## Input for this task
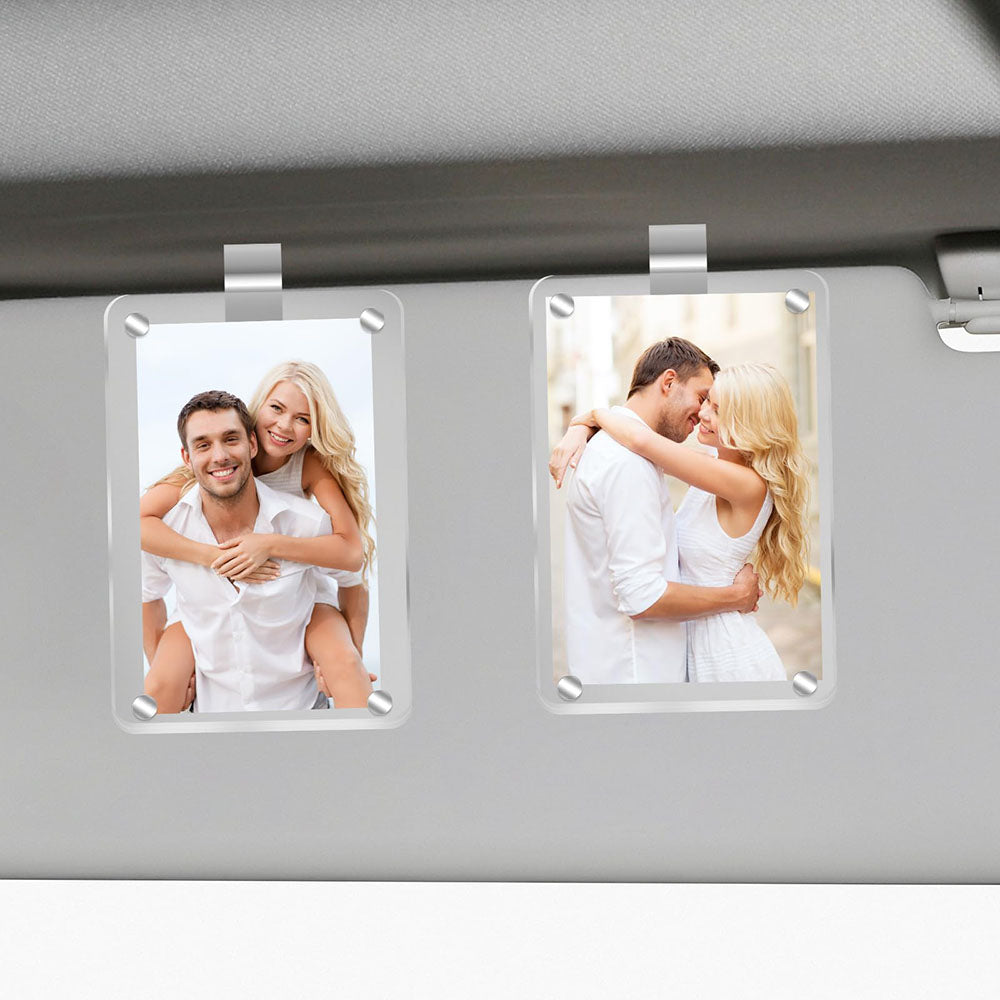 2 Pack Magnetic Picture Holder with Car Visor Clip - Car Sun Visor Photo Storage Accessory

--

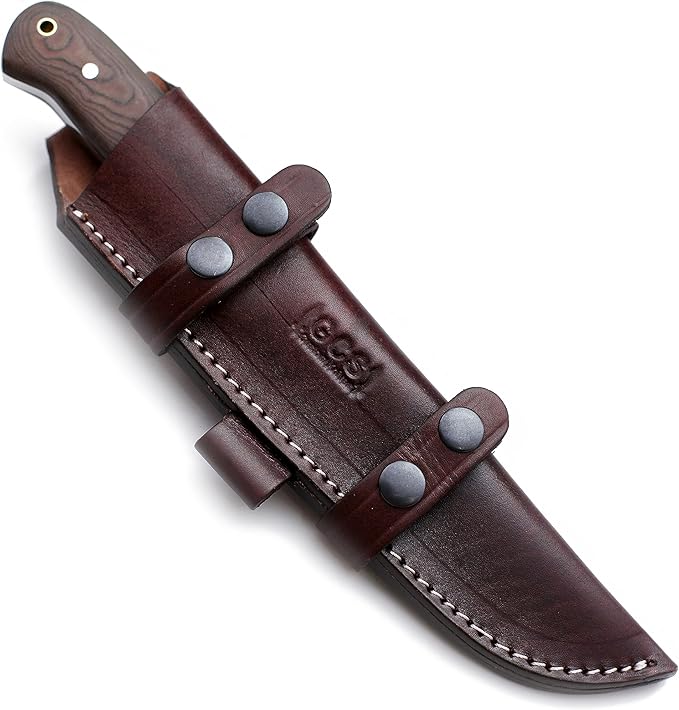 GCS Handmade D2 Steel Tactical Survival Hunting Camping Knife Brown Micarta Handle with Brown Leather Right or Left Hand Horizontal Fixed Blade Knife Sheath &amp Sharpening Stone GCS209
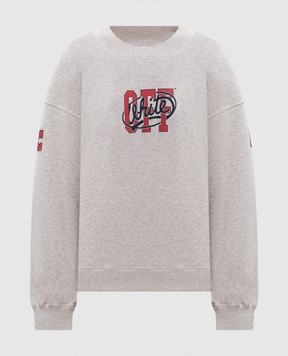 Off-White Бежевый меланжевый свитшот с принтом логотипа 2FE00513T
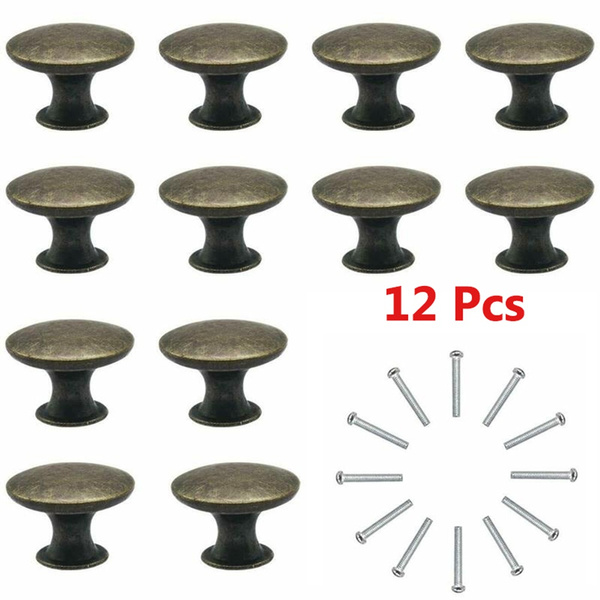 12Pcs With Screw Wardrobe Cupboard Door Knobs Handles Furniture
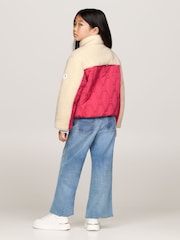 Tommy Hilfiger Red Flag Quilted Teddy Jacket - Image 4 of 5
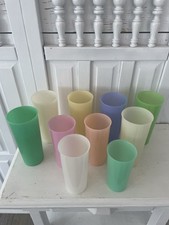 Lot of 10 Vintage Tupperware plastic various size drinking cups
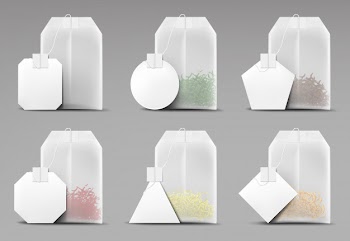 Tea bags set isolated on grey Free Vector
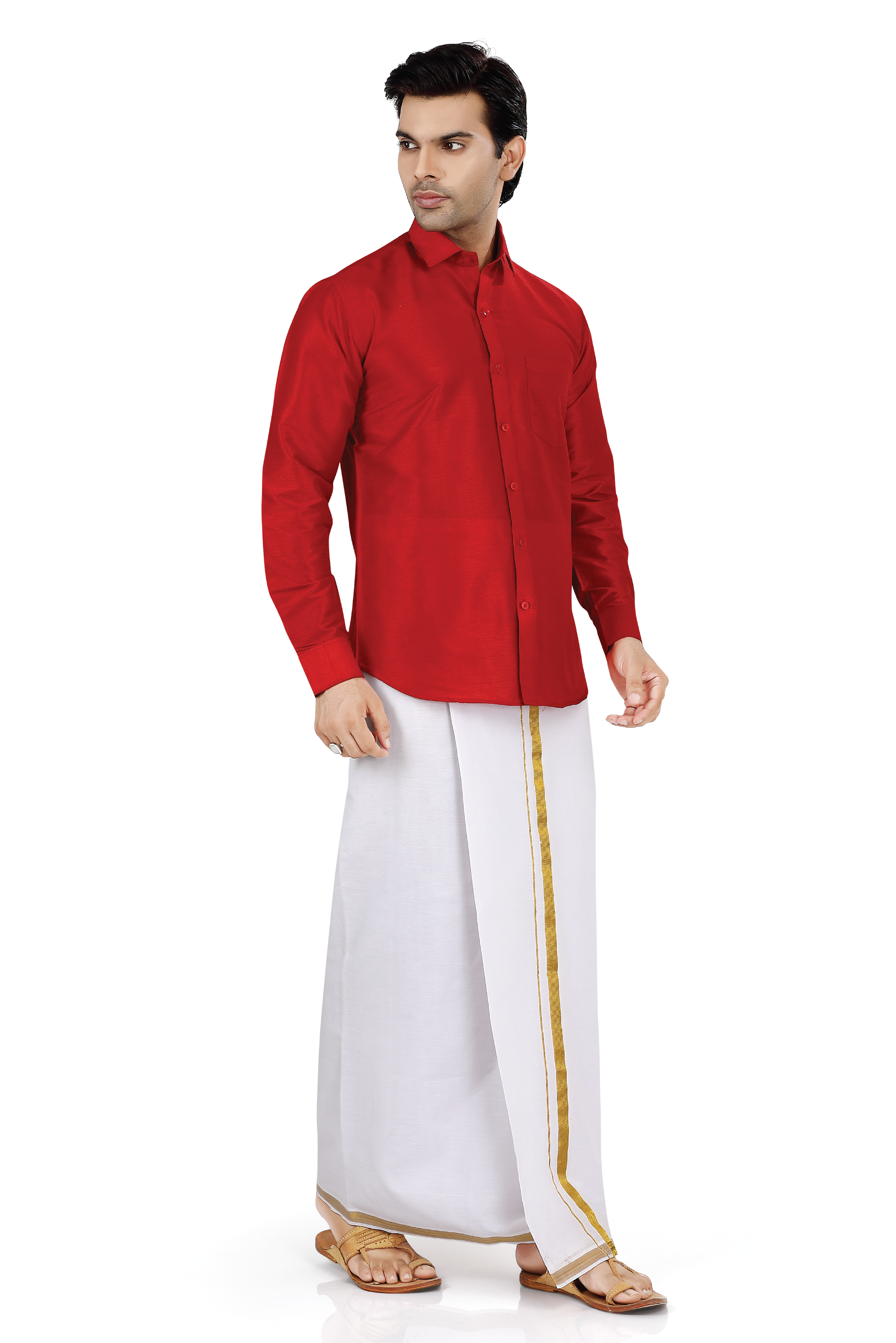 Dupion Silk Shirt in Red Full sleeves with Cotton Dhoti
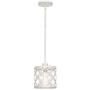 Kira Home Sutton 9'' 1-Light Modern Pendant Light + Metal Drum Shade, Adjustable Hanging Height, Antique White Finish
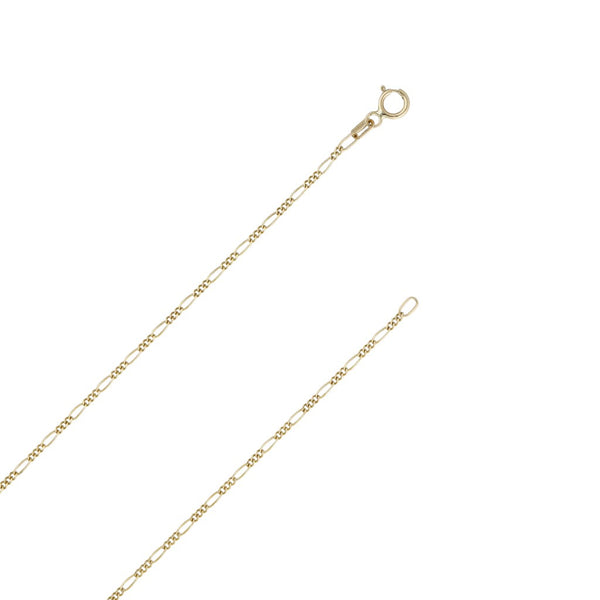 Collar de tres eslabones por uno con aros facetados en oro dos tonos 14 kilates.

==

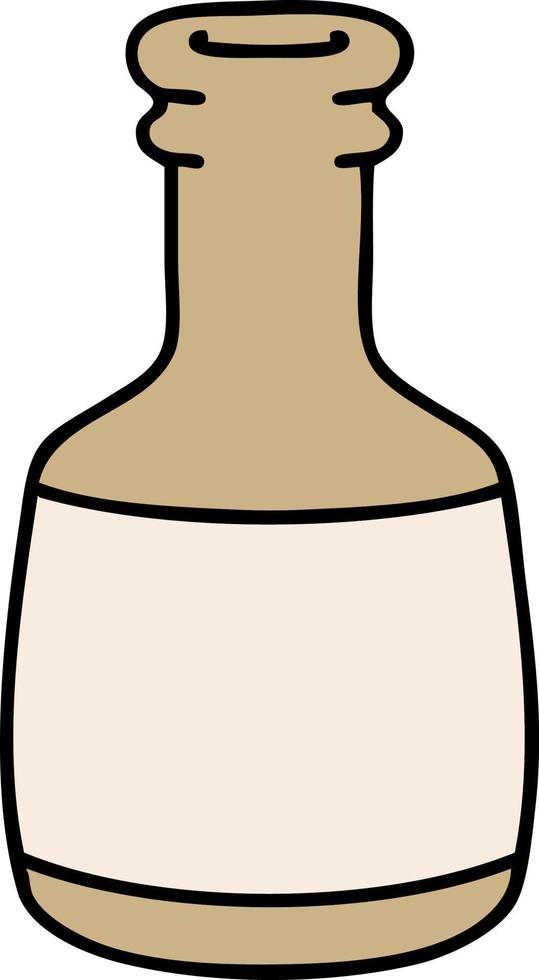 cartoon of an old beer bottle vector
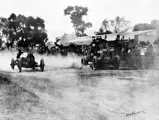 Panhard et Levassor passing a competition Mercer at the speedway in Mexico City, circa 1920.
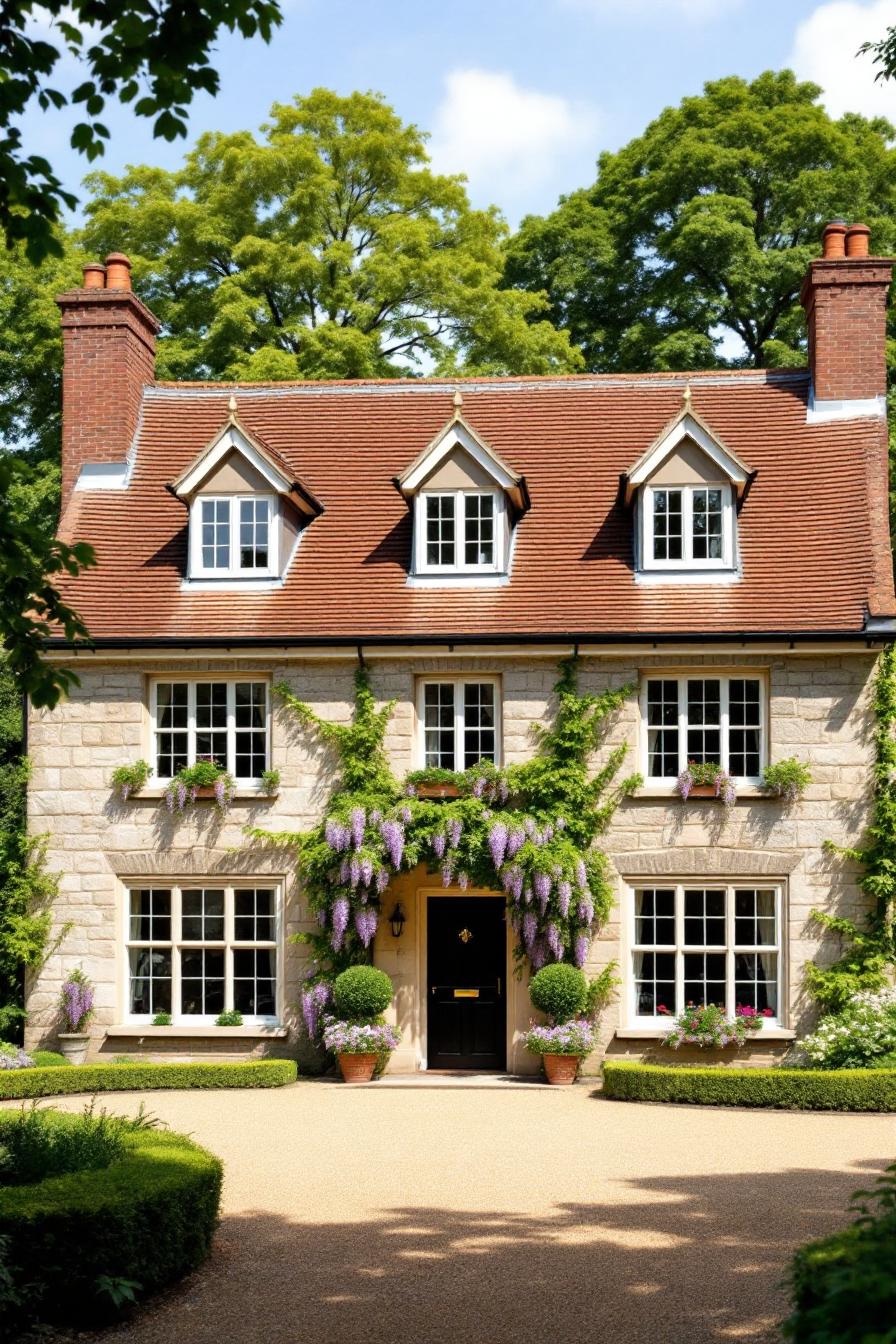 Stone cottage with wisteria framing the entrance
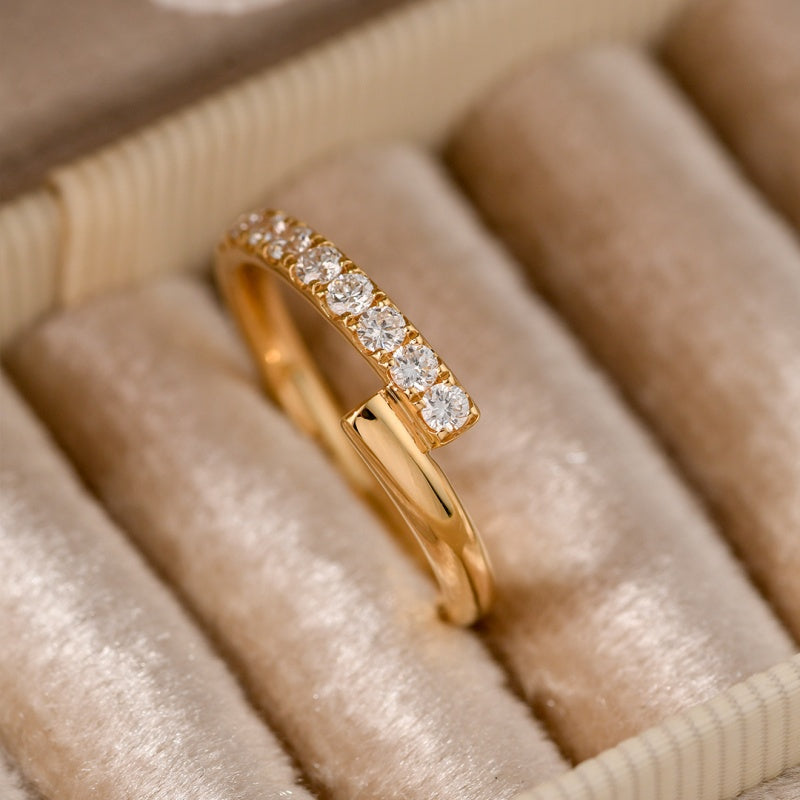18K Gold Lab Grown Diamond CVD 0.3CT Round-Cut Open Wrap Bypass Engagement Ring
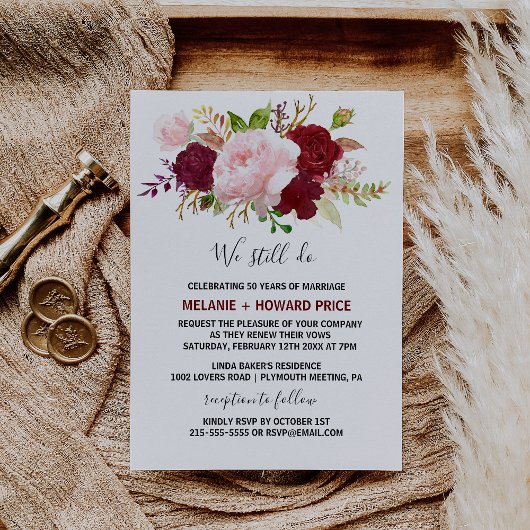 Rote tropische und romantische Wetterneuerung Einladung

## Problem description
The data above holds the lines to copy: start at the one with "12Pcs With Screw", stop at the one with "Collar de tres", include both, copy them exactly without pictures, and copy nothing else.

## Reply
 12Pcs With Screw Wardrobe Cupboard Door Knobs Handles Furniture
 Tommy Hilfiger Red Flag Quilted Teddy Jacket - Image 4 of 5
 Lot of 10 Vintage Tupperware plastic various size drinking cups
 Tea bags set isolated on grey Free Vector
 Dupion Silk Shirt in Red Full sleeves with Cotton Dhoti
 Kira Home Sutton 9'' 1-Light Modern Pendant Light + Metal Drum Shade, Adjustable Hanging Height, Antique White Finish
 Collar de tres eslabones por uno con aros facetados en oro dos tonos 14 kilates.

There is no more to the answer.